Bild: U-Bahn in Paris: Die Stadt sei "eine Maschine" heißt es in dem Roman.
BERLIN taz | Der Magie von Orten und Namen – auch Ulf Erdmann Ziegler ist
ihr verfallen. In schönster Beiläufigkeit gibt er ein Bild von Schauplätzen
und Lebensstätten, in denen seine Figuren sich bewegen. Eine Architektur
des Denkens und Fühlens ist das.
In seinen beiden ersten literarischen Büchern „Hamburger Hochbahn“ und vor
allem in der „Autogeografie“ „Wilde Wiesen“ kommt man den Charakteren u…
dem Ich durch die Räume, in denen sie sich bewegen, nahe. Im neuen Roman
„Nichts Weißes“ gibt es ebenfalls solche topografischen Annäherungen: Mit
wenigen Worten schafft Ziegler Räume, Landkarten, Stadtpläne, die das
Innere kartografieren und den Weg durch die Gegenwart lenken.
Über Kassel heißt es da: „eine Stadt, deren freundliches Lächeln die
zweifelhafte Perfektion dritter Zähne blicken ließ, ein Biss ohne Nerven“.
Und über Paris: „Paris ist keine Stadt, sondern eine Maschine. Der Motor
brummt bei Tag und bei Nacht. Er betreibt den Stoffwechsel von Energien.

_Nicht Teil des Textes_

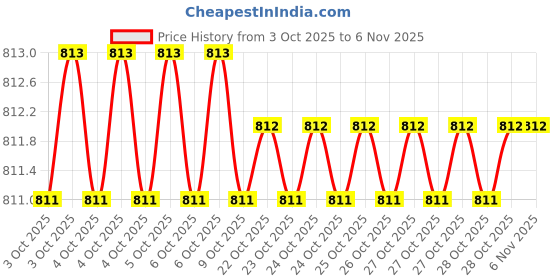 moglix.com Bondhus 13164 5mm Alloy Steel ProGuard T Allen Key bondhus Price History Graph from 3 Oct 2025 to 6 Nov 2025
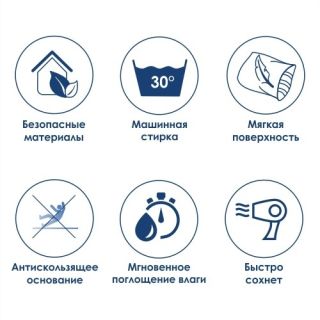 Коврик WasserKraft Dill BM-3940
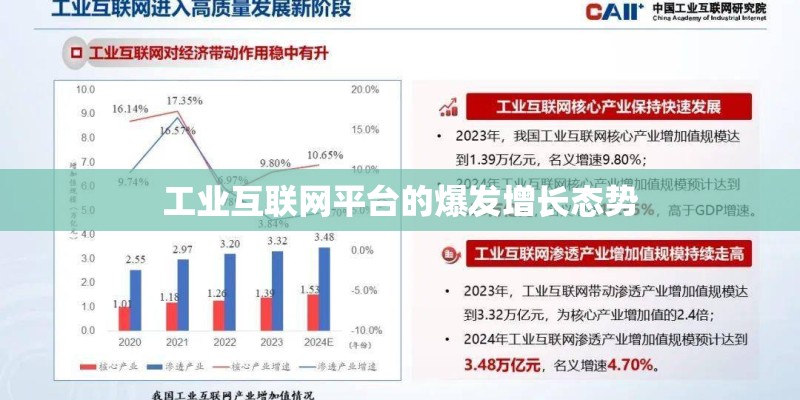 工业互联网平台的爆发增长态势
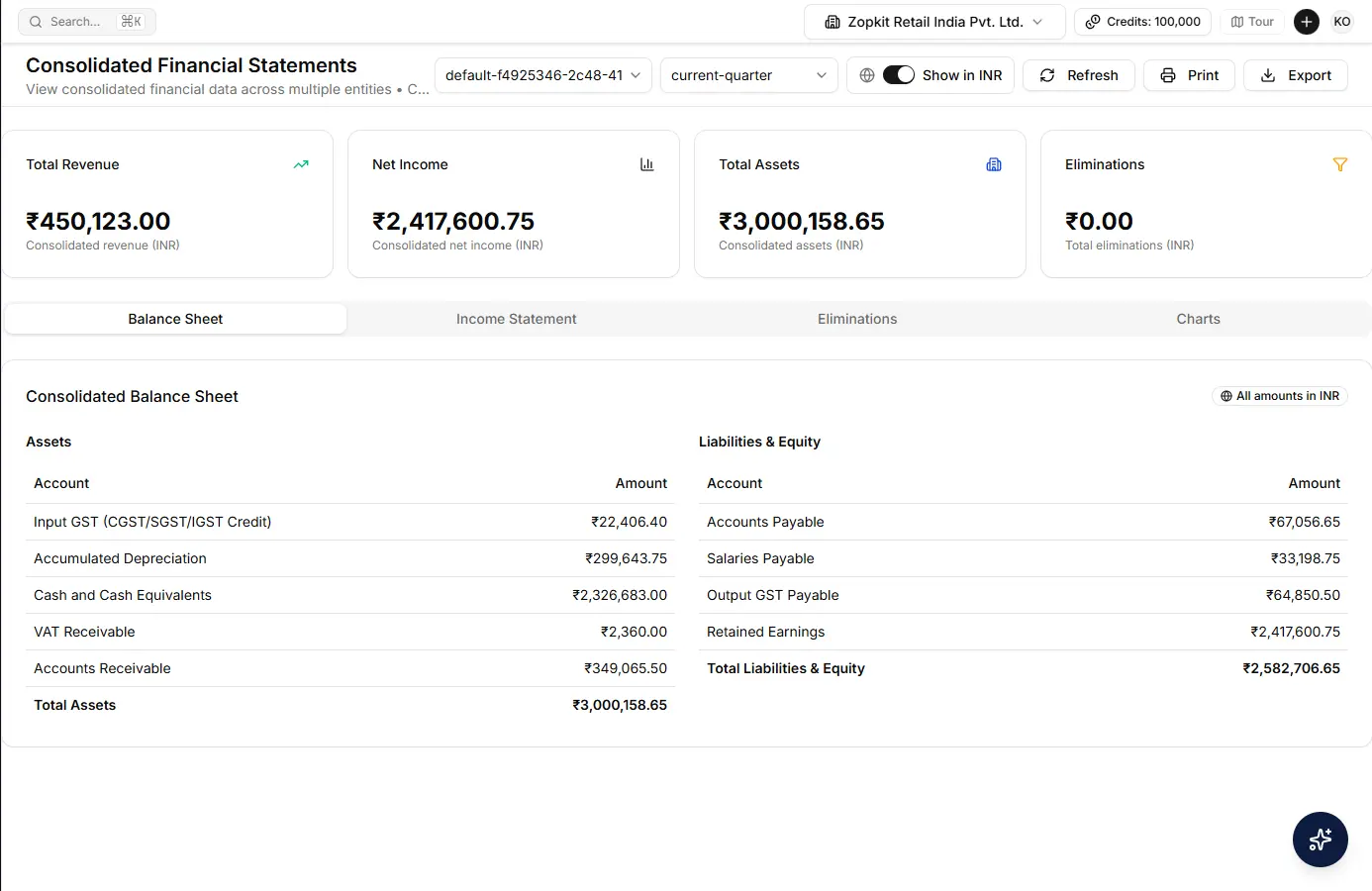 A multi-entity consolidation screen combining financials across subsidiaries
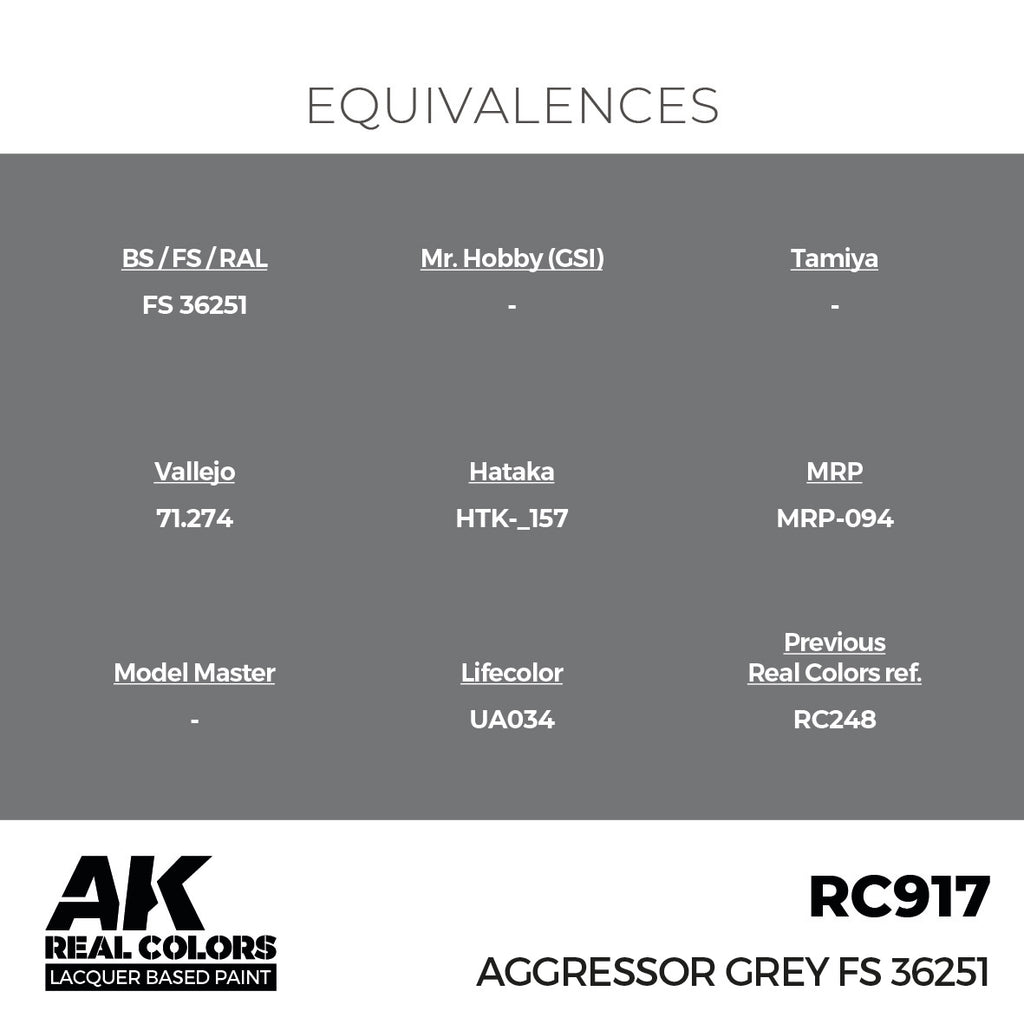 Aggressor Grey FS 36251 17ml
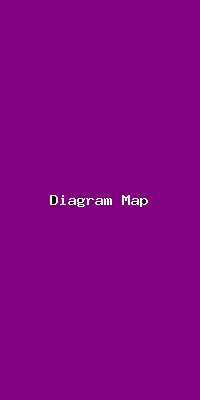 File:Diagram Map-4971.png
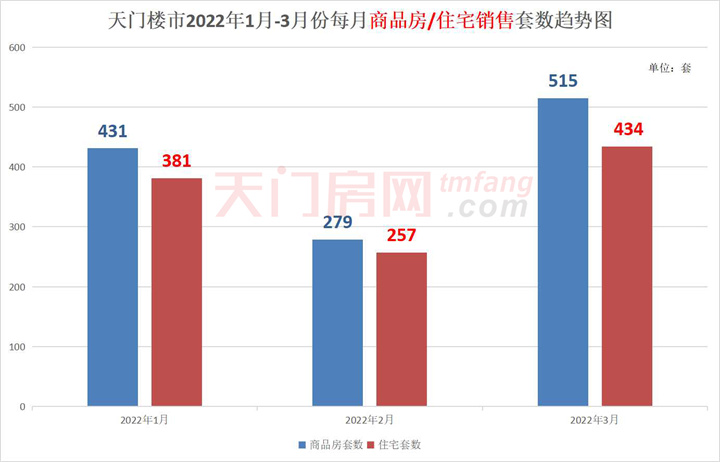 2022年1-3月天门市房地产市场运行情况
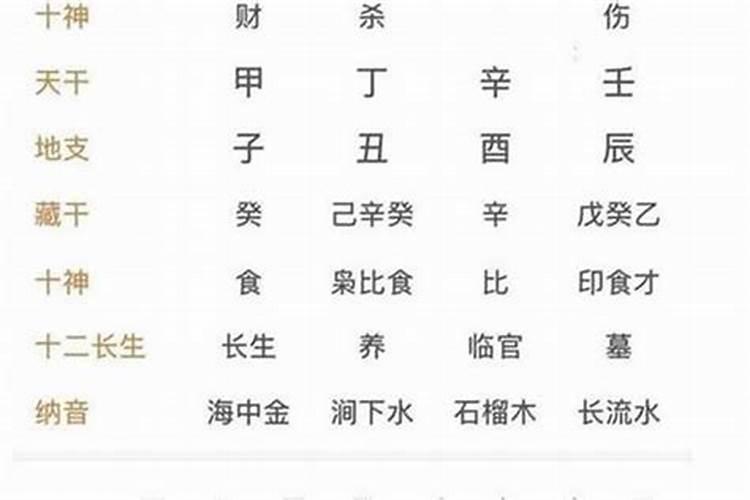 女人换大运前一年表现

Entzogen werden Artigkeit, Bescheidenheit und Mamastoffe, zugeführt werden
Heldentropfen, Widerstandsbläschen, Egozucker. Wille und Wirklichkeit
spiegeln sich wie der Bizeps rechts und der Bizeps links.“
Kassel und Paris sind zwei Orte, in die es Zieglers Heldin Marleen
verschlägt. Dazu kommt die Pomona, eine Neubausiedlung in Neuss, wo sich in
den sechziger Jahren junge, fortschrittliche Familien niedergelassen haben
und Marleen zusammen mit zwei Schwestern und einem kleineren Bruder
aufwächst. Orte sind Zeichen, die man lesen muss. Eine eigene Schrift, die
schon durch ihre Form Bedeutung generiert. Und um das Lesen von Schriften
im buchstäblichen Sinne geht es in Zieglers neuem Roman ganz
offensichtlich.
## Eine Schrift ohne Stil
Marleen, deren Mutter Kinderbücher illustriert und deren Vater der kreative
Kopf einer Werbeagentur ist, hat nämlich bereits als Kind in der Pomona
einen kühnen Traum: „Nicht einmal ihrer eigenen Mutter würde Marleen
gestehen, dass sie sich berufen fühlt, eine Schrift zu entwerfen, die alle
Vorzüge aller existierenden Schriften hat und alle Nachteile Buchstabe für
Buchstabe überwindet. […] Eine Schrift ohne Stil soll es sein, eine
Schrift, die man gar nicht bemerkt.“
Marleen ist Legasthenikerin. Umso stärker scheint ihr Wunsch zu sein, sich
die Typen, die Lettern anzueignen. Die Schrift selbst ist für sie von
Anfang an nicht Mittel zum Zweck. Sondern vielmehr als Medium ein
vollkommenes Mittel der Erkenntnis und des Sichausdrückens. Der Schöpfer
einer Schrift kann hinter seinem Werk verschwinden. Er ist ein Künstler,
der, wenn er seine Sache gut macht und die größtmögliche Wirkung erzielt,
vergessen wird. Er schafft einen Gebrauchsgegenstand, dessen Eleganz und
Vollendetheit dann am größten ist, wenn man die Vollkommenheit nicht
wahrnimmt. Auch Marleen möchte auf gewisse Weise unsichtbar sein und
dennoch anwesend in der Welt.
Ziegler zeichnet eine nicht ganz untypische Lebensgeschichte und Jugend in
den siebziger und frühen achtziger Jahren nach: Eingerahmt von einer
älteren, frömmelnden und einer jüngeren, keckeren Schwester, verfolgt
Marleen ihre Ziele forsch. Und ist doch auch immer wieder auf eine
merkwürdige Weise verhalten, pragmatisch fast und sogar kühl.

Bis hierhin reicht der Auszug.